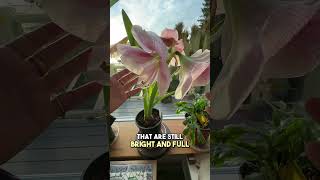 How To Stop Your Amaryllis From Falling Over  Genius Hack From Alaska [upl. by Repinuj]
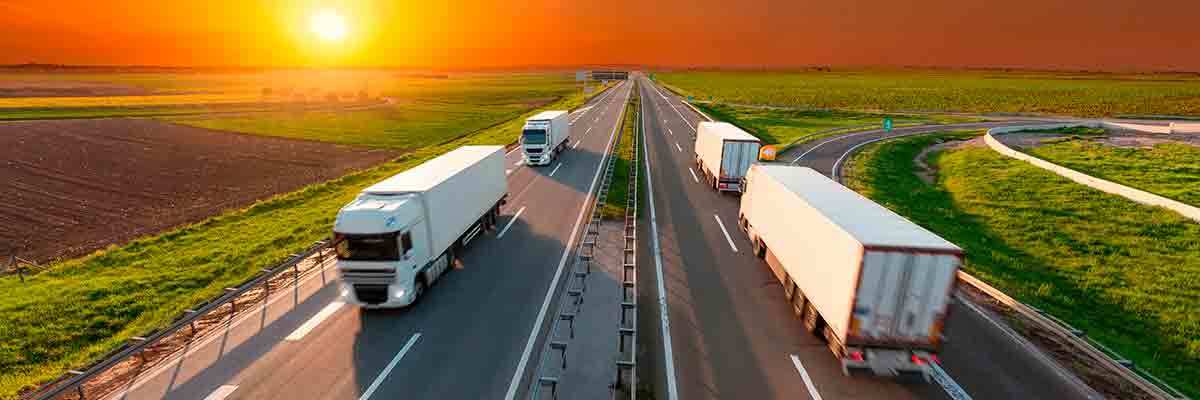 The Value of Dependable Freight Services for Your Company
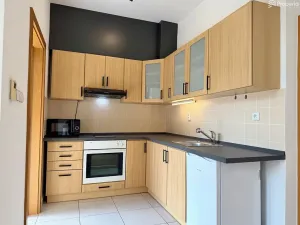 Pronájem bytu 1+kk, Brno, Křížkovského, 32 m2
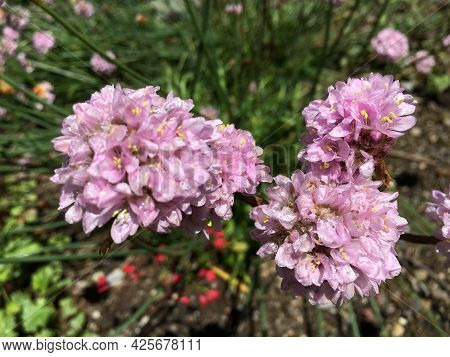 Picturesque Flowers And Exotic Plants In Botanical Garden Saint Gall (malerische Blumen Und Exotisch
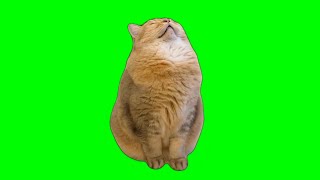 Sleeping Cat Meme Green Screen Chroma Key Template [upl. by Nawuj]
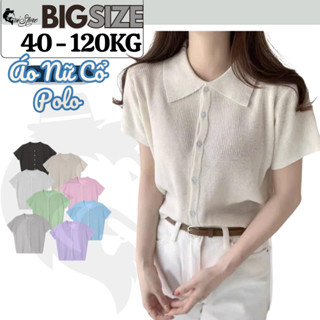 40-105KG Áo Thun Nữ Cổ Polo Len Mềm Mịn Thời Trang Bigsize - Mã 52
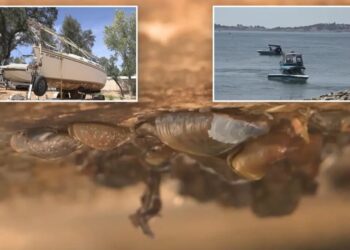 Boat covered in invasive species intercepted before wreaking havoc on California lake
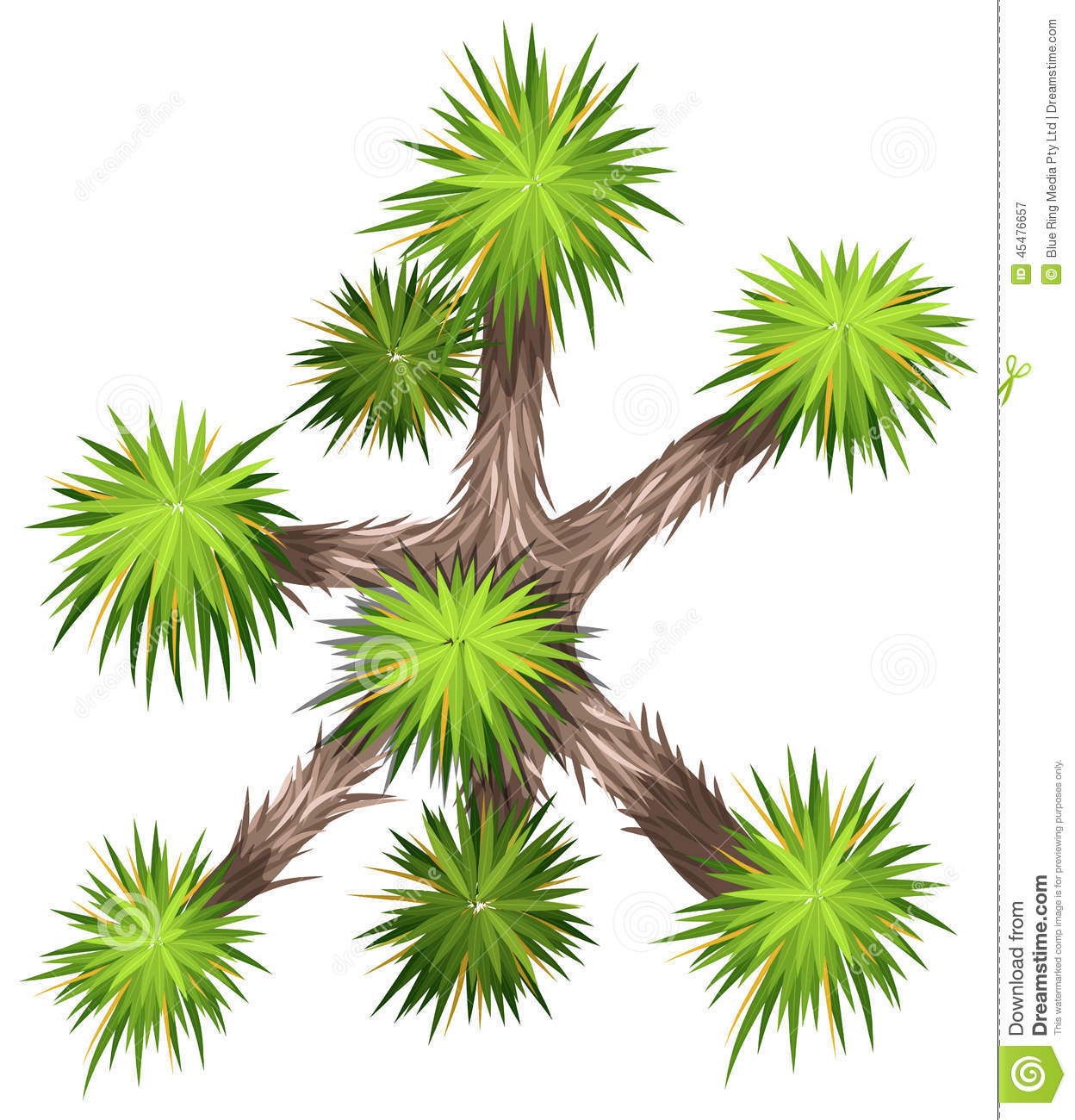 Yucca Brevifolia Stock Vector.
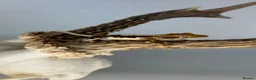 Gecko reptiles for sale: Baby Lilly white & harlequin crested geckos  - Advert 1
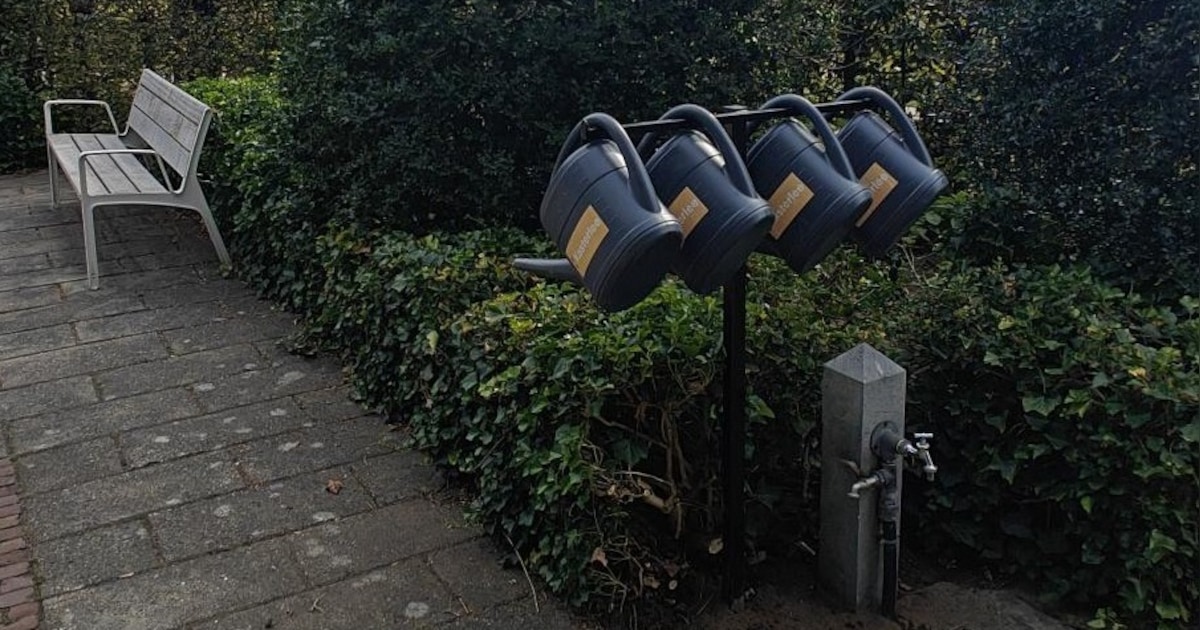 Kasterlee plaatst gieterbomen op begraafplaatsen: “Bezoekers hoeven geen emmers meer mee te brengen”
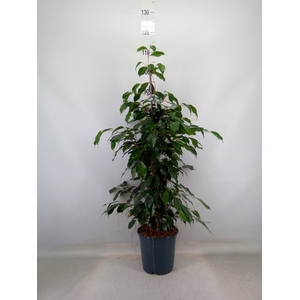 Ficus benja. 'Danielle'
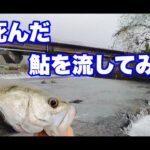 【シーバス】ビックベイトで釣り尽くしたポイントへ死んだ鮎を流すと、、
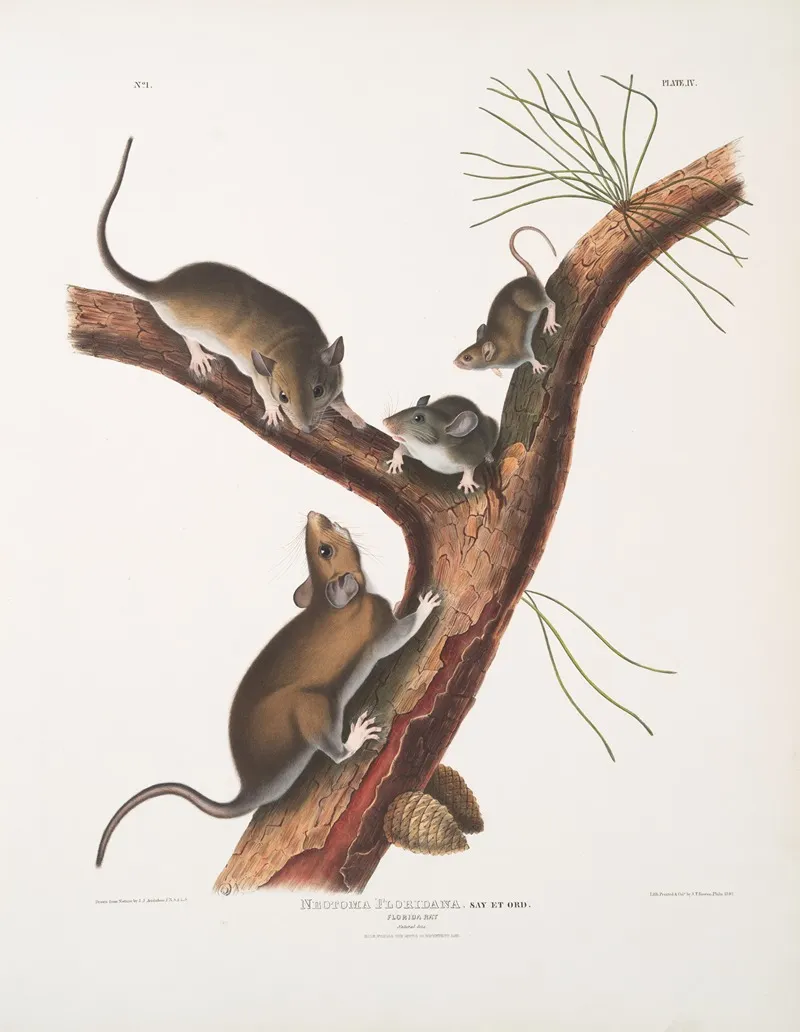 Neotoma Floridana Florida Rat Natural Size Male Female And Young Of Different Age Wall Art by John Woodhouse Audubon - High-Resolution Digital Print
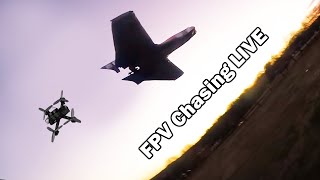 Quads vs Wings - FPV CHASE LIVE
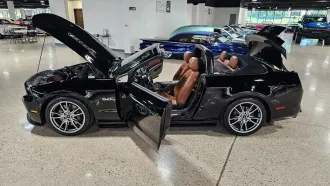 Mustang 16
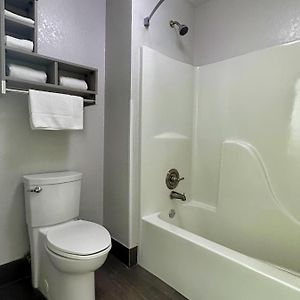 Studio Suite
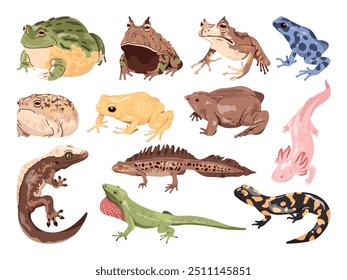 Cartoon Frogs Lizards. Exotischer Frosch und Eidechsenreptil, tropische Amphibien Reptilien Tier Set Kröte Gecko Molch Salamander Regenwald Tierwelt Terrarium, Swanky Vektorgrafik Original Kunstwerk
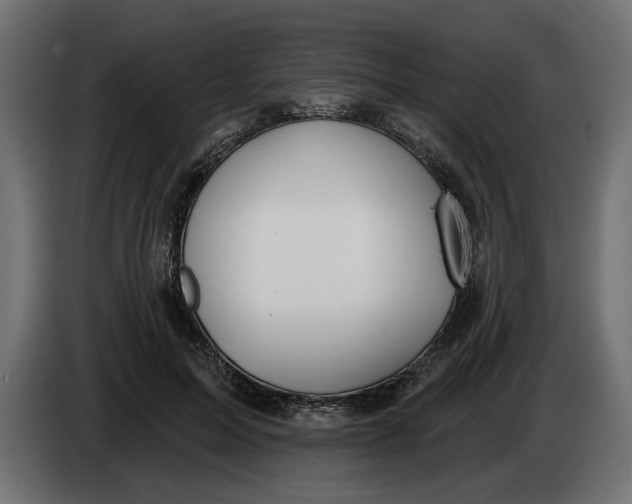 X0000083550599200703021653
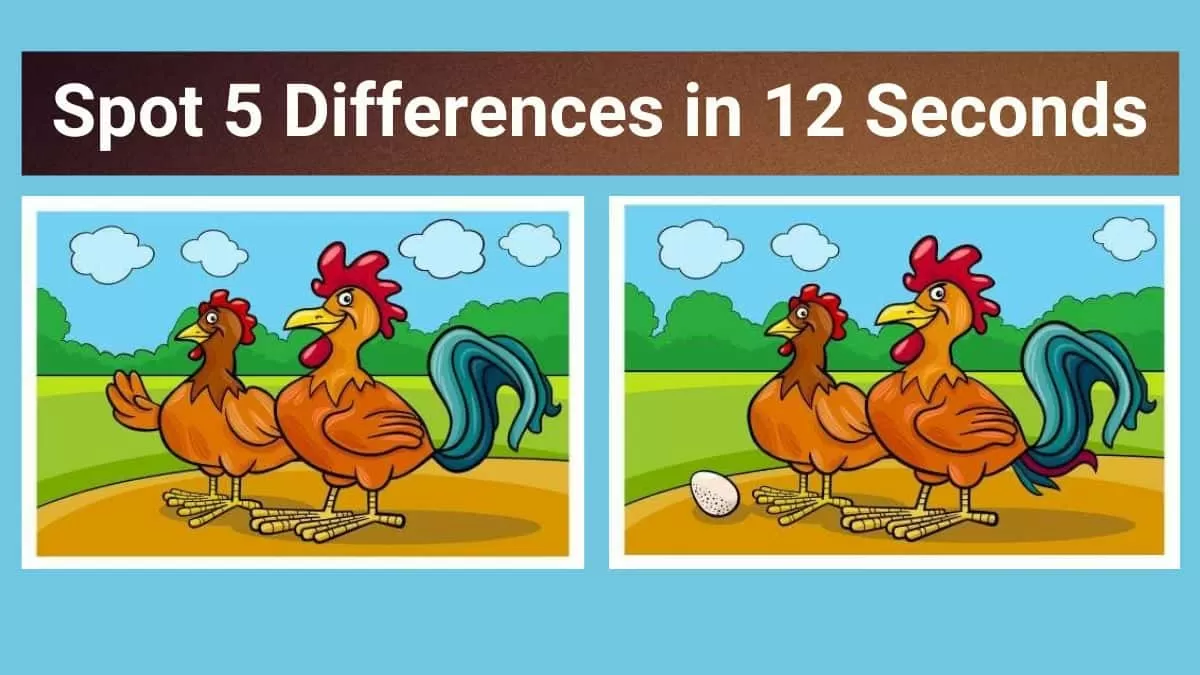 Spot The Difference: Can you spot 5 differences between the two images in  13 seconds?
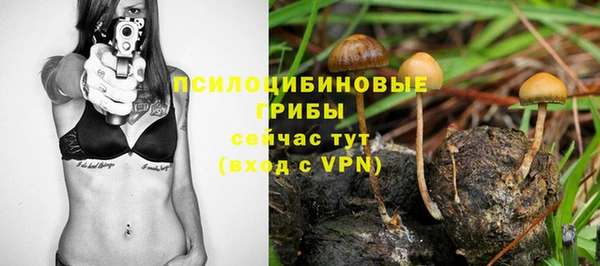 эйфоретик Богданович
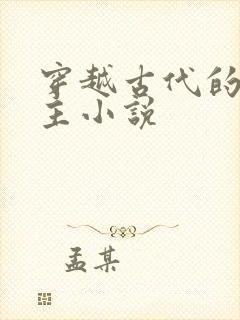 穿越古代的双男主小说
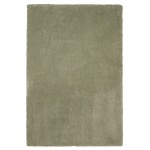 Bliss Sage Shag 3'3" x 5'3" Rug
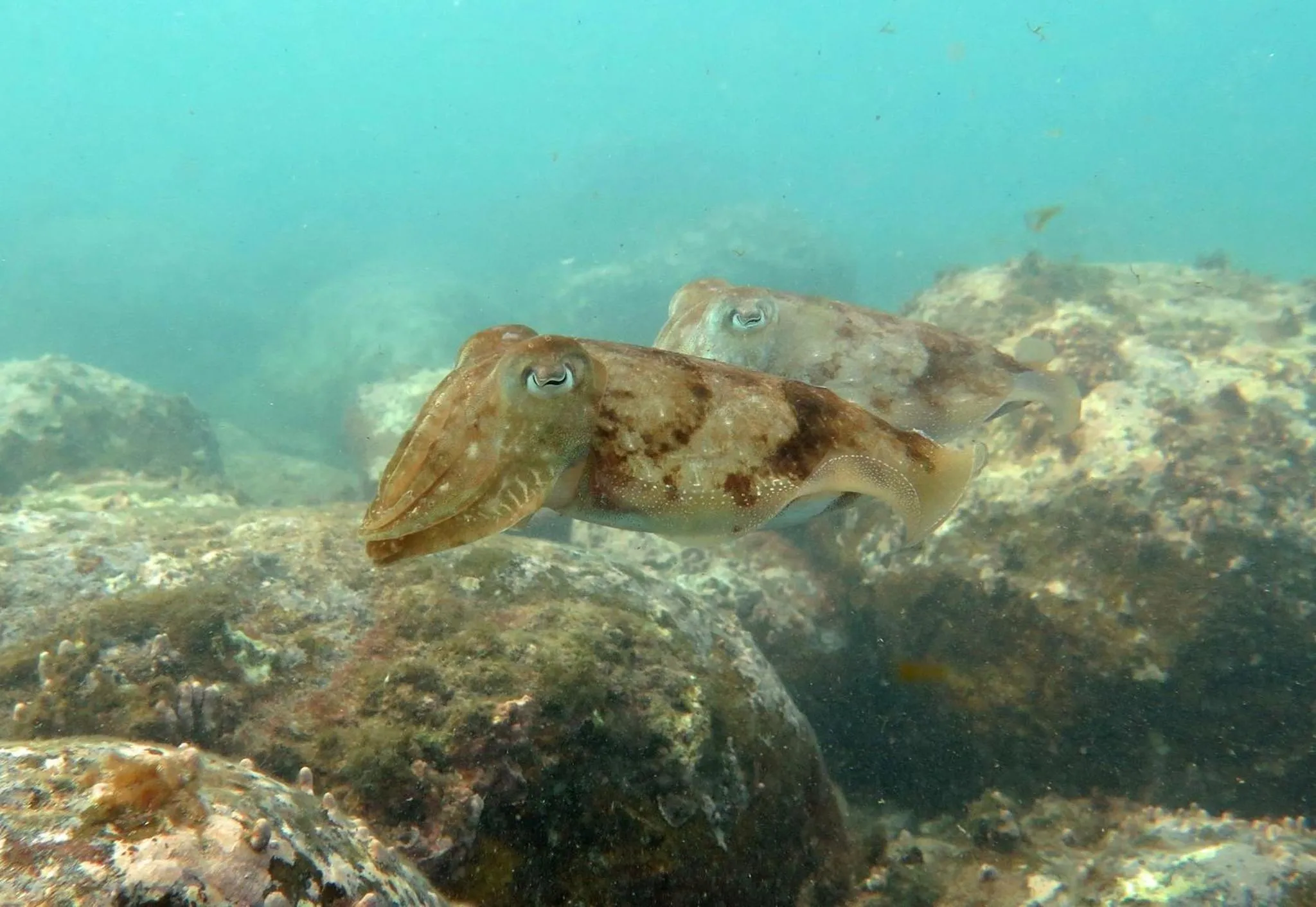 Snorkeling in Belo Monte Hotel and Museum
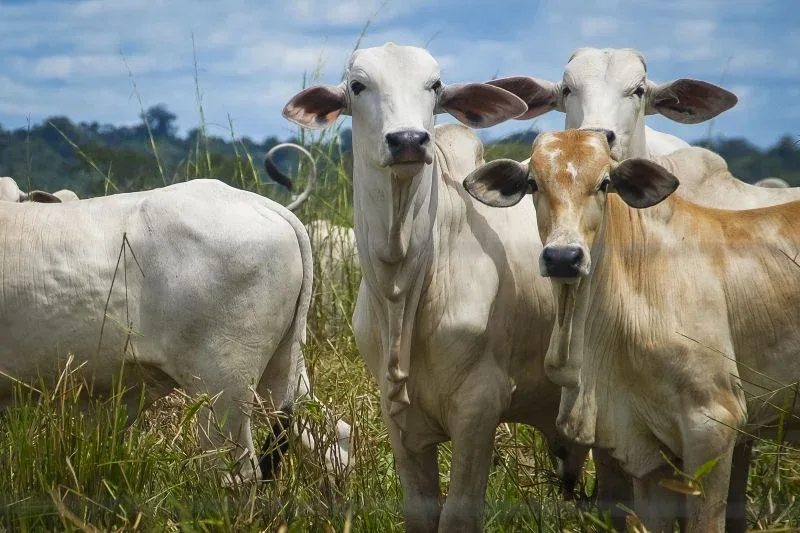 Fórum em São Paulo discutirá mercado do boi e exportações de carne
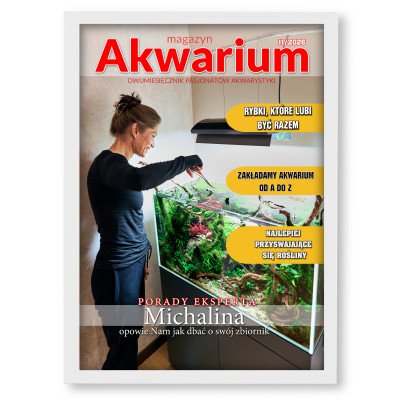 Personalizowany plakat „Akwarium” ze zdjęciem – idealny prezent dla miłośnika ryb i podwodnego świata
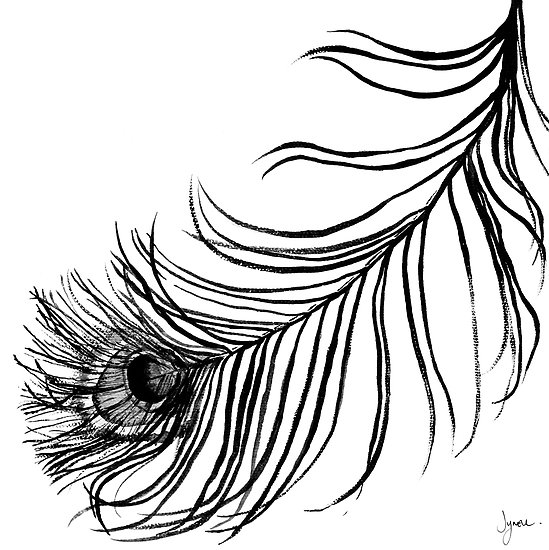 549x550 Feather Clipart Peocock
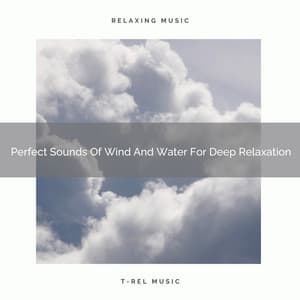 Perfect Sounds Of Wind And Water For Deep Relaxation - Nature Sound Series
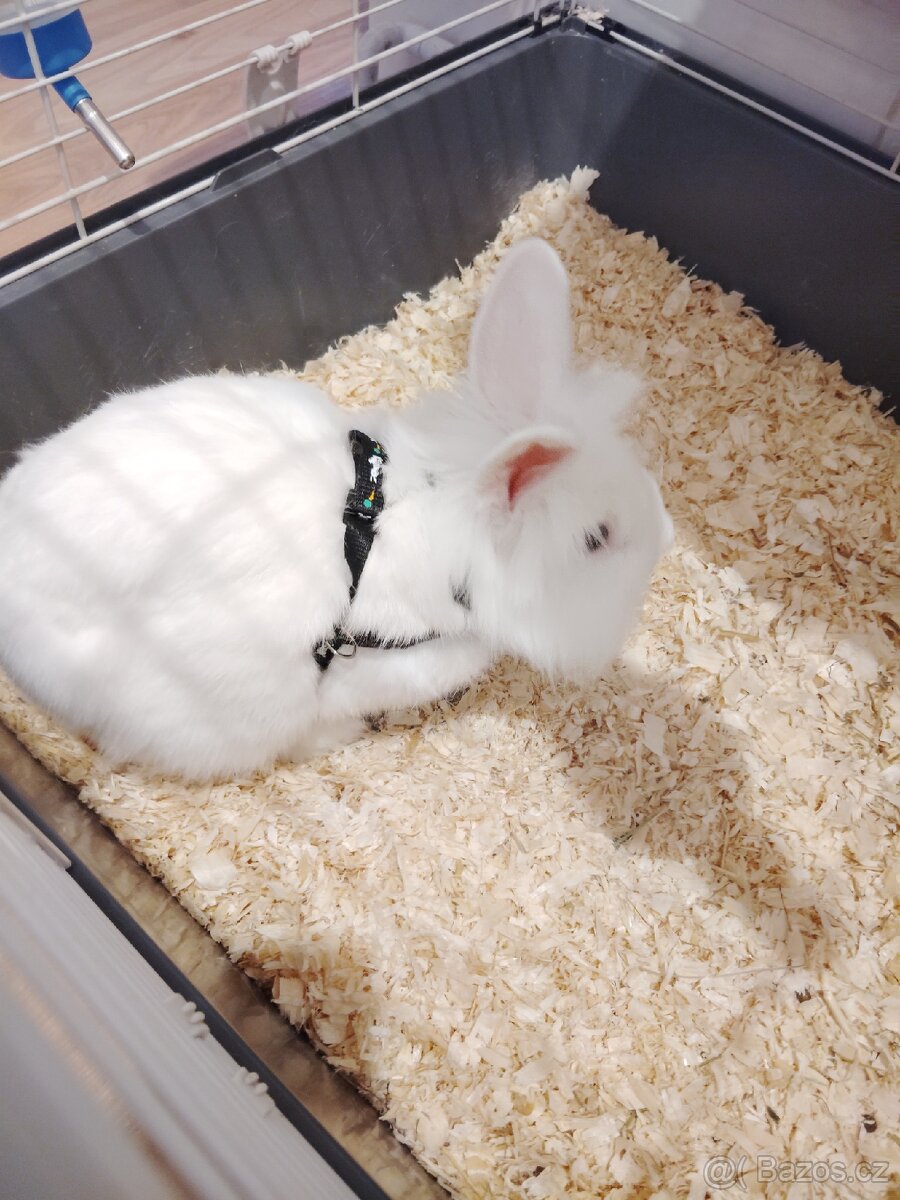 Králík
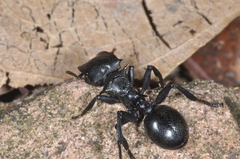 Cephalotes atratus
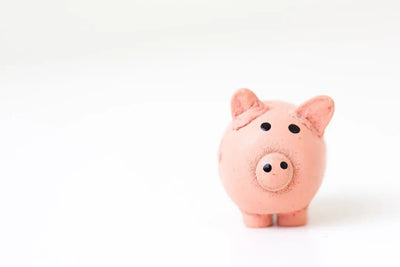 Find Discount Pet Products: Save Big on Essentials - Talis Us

•••••

Task to carry out :: Leave every picture out and write out, word for word, the lines from the one that contains "i podwodnego świata" through the last line of the records.

Response to the task ::
 Personalizowany plakat „Akwarium” ze zdjęciem – idealny prezent dla miłośnika ryb i podwodnego świata
 549x550 Feather Clipart Peocock
 Perfect Sounds Of Wind And Water For Deep Relaxation - Nature Sound Series
 Králík
 Cephalotes atratus
 Find Discount Pet Products: Save Big on Essentials - Talis Us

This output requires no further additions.